0

I am using PHP 7.4.1.

I am trying to parse a rss feed from google.

My links look like the following:

https://www.google.com/url?rct=j&sa=t&url=https://www.timeslive.co.za/sunday-times/news/2020-11-01-hawks-following-former-steinhoff-ceo-markus-joostes-money/&ct=ga&cd=CAIyGjRm
https://www.google.com/url?rct=j&sa=t&url=https://www.politifact.com/factchecks/2020/oct/31/raphael-warnock/fact-checking-raphael-warnocks-claim-georgia-sen-k/&ct=ga&cd=CAIyGm
https://www.google.com/url?rct=j&sa=t&url=https://www.benzinga.com/news/20/10/18156683/last-weeks-notable-insider-buys-ibm-intel-raytheon-and-more&ct=ga&cd=CAIyGmM3Yjk5YjRlYWU
https://www.google.com/url?rct=j&sa=t&url=https://stocksregister.com/2020/10/31/insider-trading-at-avino-silver-gold-mines-ltd-nyseasm-what-did-we-note/&ct=ga&cd=CAIyGmM3Yjk5Y
https://www.google.com/url?rct=j&sa=t&url=https://www.businessinsider.co.za/who-received-an-sms-from-markus-jooste-2020-10&ct=ga&cd=CAIyGmM3Yjk5YjRlYWU3MWY2MDY6Y29tOmVuOlVT&am
https://www.google.com/url?rct=j&sa=t&url=https://stocksregister.com/2020/10/31/insider-trading-at-veritone-inc-nasdaqveri-what-did-we-note/&ct=ga&cd=CAIyGmM3Yjk5YjRlYWU3MWY2M
https://www.google.com/url?rct=j&sa=t&url=https://heavy.com/sports/las-vegas-raiders/jj-watt-stephon-gilmore-trade-targets/&ct=ga&cd=CAIyGmM3Yjk5YjRlYWU3MWY2MDY6Y29tOmVuOlVT&a
https://www.google.com/url?rct=j&sa=t&url=https://stocksregister.com/2020/10/31/insider-trading-at-truecar-inc-nasdaqtrue-what-did-we-note/&ct=ga&cd=CAIyGmM3Yjk5YjRlYWU3MWY2MD
https://www.google.com/url?rct=j&sa=t&url=https://stocksregister.com/2020/10/31/insider-trading-at-veeco-instruments-inc-nasdaqveco-what-did-we-note/&ct=ga&cd=CAIyGmM3Yjk5YjRl
https://www.google.com/url?rct=j&sa=t&url=https://stocksregister.com/2020/10/31/insider-trading-at-21vianet-group-inc-nasdaqvnet-what-did-we-note/&ct=ga&cd=CAIyGmM3Yjk5YjRlYWU

I would like to get the real link from url= and cut out the end /&ct=ga&cd=CAIyGjRm.

I tried str_replace however, parsing out the end is difficult as it differs.

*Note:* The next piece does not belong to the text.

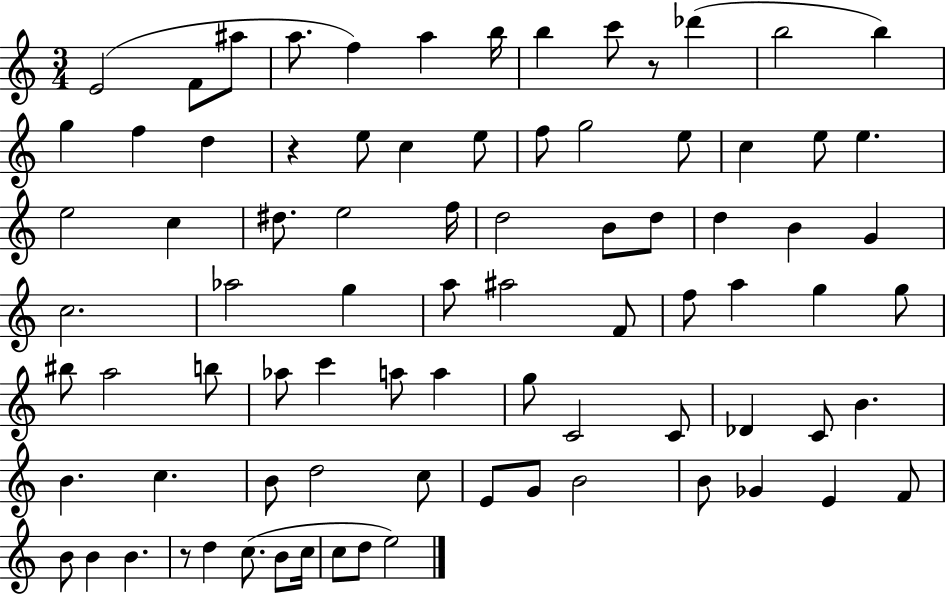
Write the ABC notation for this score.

Any suggestions how to just get the link?

mickmackusa
  • 43,625
  • 12
  • 83
  • 136
Carol.Kar
  • 4,581
  • 36
  • 131
  • 264

2 Answers2

3

Regex is appropriate when there isn't a legitimate / native / reliable technique to parse text.

PHP offers native functions to parse urls and query strings.

The following snippet involves multiple native functions and WILL perform slower than regex, BUT it will also be far, far less likely to break when your external data source reconfigures their querystring data. For instance, if they add an additional parameter rawurl=, then regex is prone to incorrectly matching these. It is a too common debate between using a legitimate parsing technique or regex (on urls, valid html, bbcode, etc) -- but a developer's primary goal should always be data integrity. Only entertain sacrificing data integrity for execution speed if you are processing inordinately huge volumes of data and the speed boost actually provides a valuable benefit for your system / end users. If you find yourself leaning toward the micro-optimized solution without a sound reason, I'll advise that you not drink that kool-aid.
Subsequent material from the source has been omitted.